### Records supplied ###
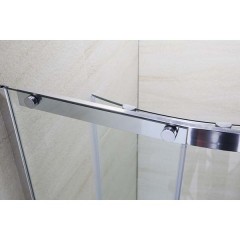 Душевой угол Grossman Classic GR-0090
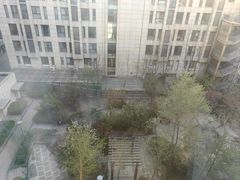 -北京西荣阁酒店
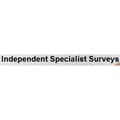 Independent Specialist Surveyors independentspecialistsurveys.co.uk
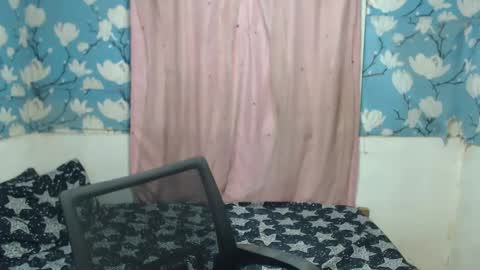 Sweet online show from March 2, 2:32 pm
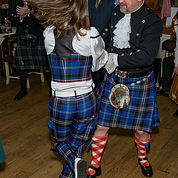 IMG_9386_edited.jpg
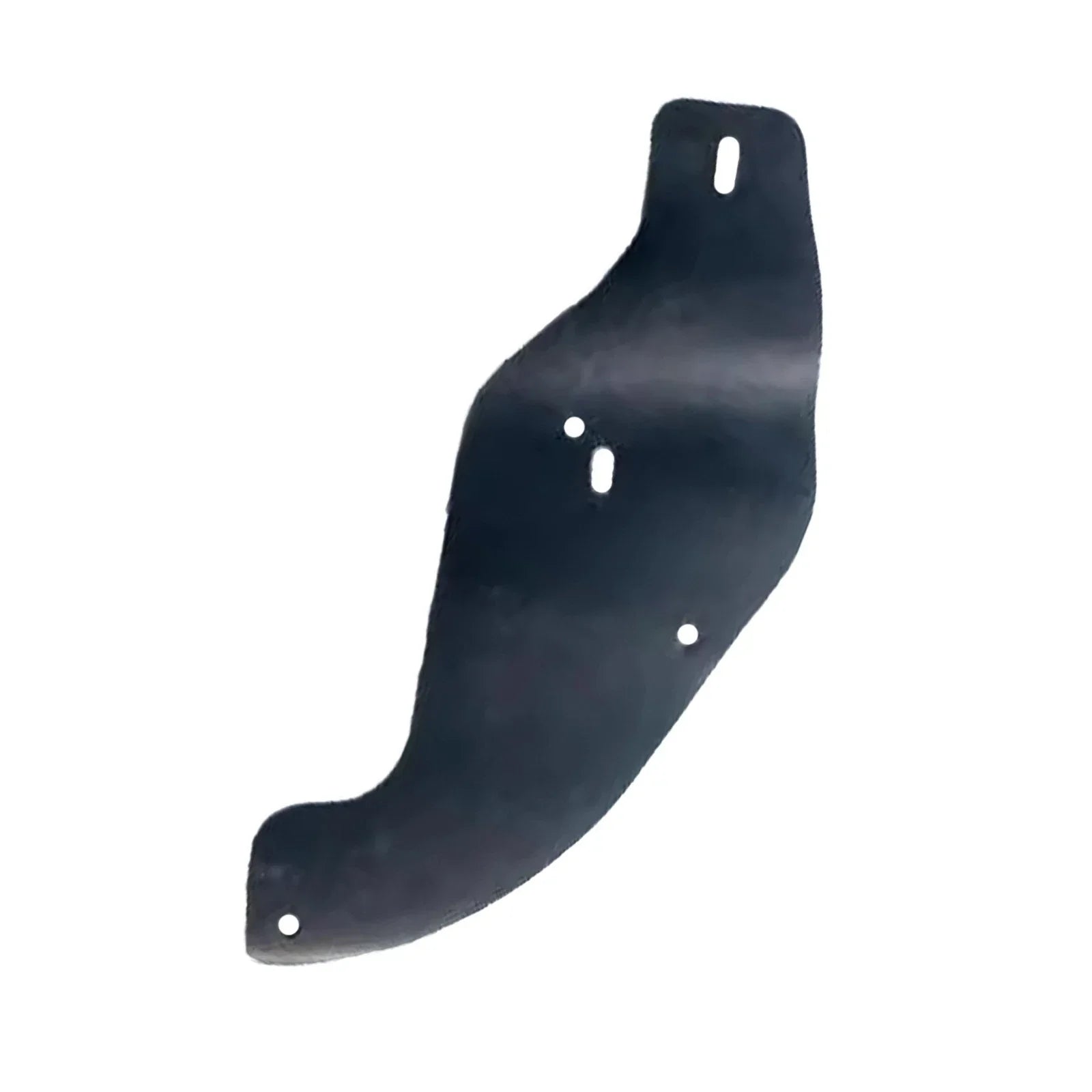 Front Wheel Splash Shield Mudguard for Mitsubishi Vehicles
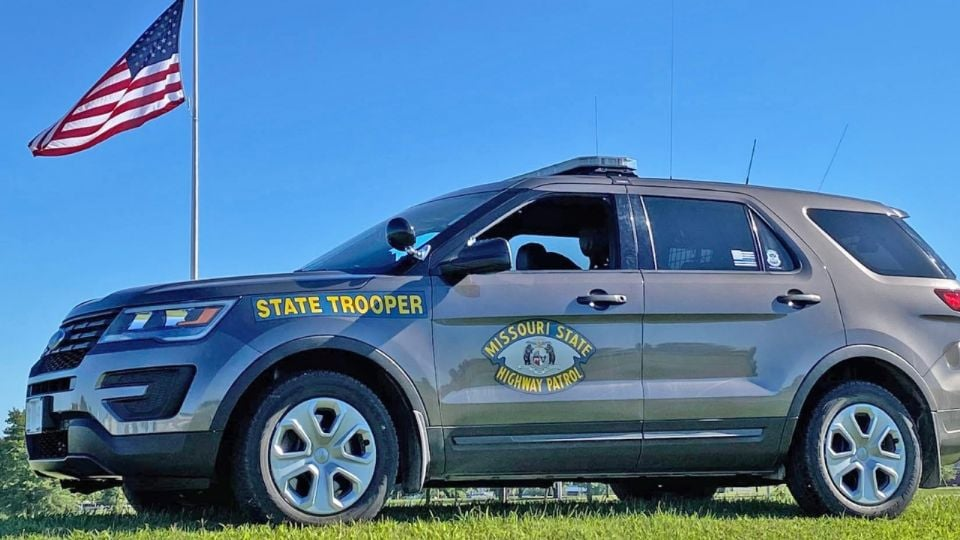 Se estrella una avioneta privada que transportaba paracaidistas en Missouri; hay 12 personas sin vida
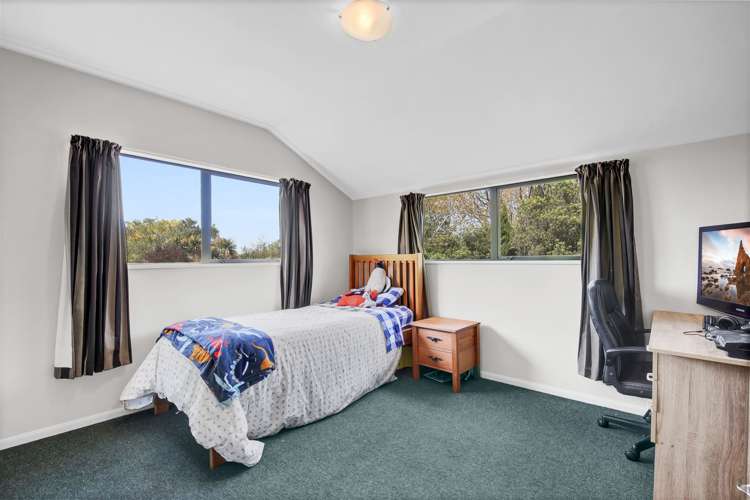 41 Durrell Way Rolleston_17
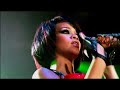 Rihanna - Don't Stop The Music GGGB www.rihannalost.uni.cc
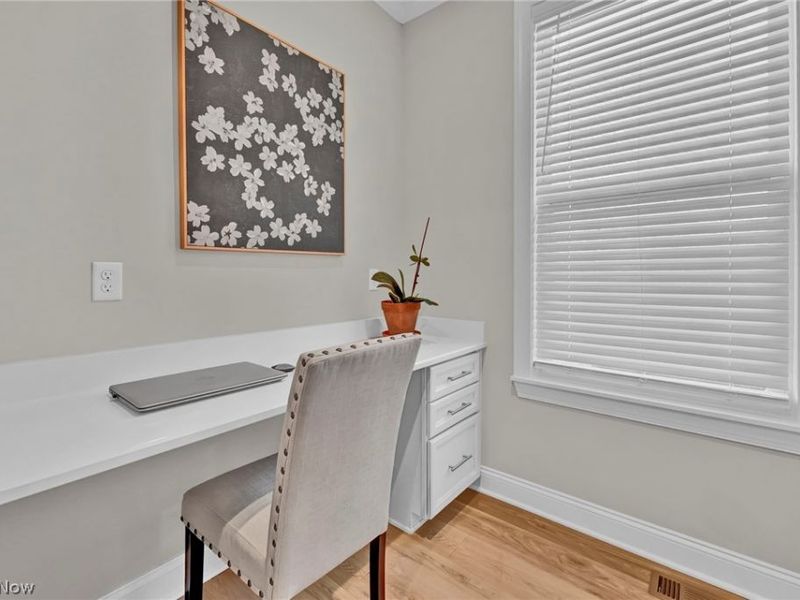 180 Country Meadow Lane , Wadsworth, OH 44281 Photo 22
###
Exercise ::
Exactly the lines from the one with "Front Wheel Splash" through the end of the records should be written out, and only those. Pictures do not belong in the copy.

Result ::
 Front Wheel Splash Shield Mudguard for Mitsubishi Vehicles
 Se estrella una avioneta privada que transportaba paracaidistas en Missouri; hay 12 personas sin vida
 41 Durrell Way Rolleston_17
 Rihanna - Don't Stop The Music GGGB www.rihannalost.uni.cc
 180 Country Meadow Lane , Wadsworth, OH 44281 Photo 22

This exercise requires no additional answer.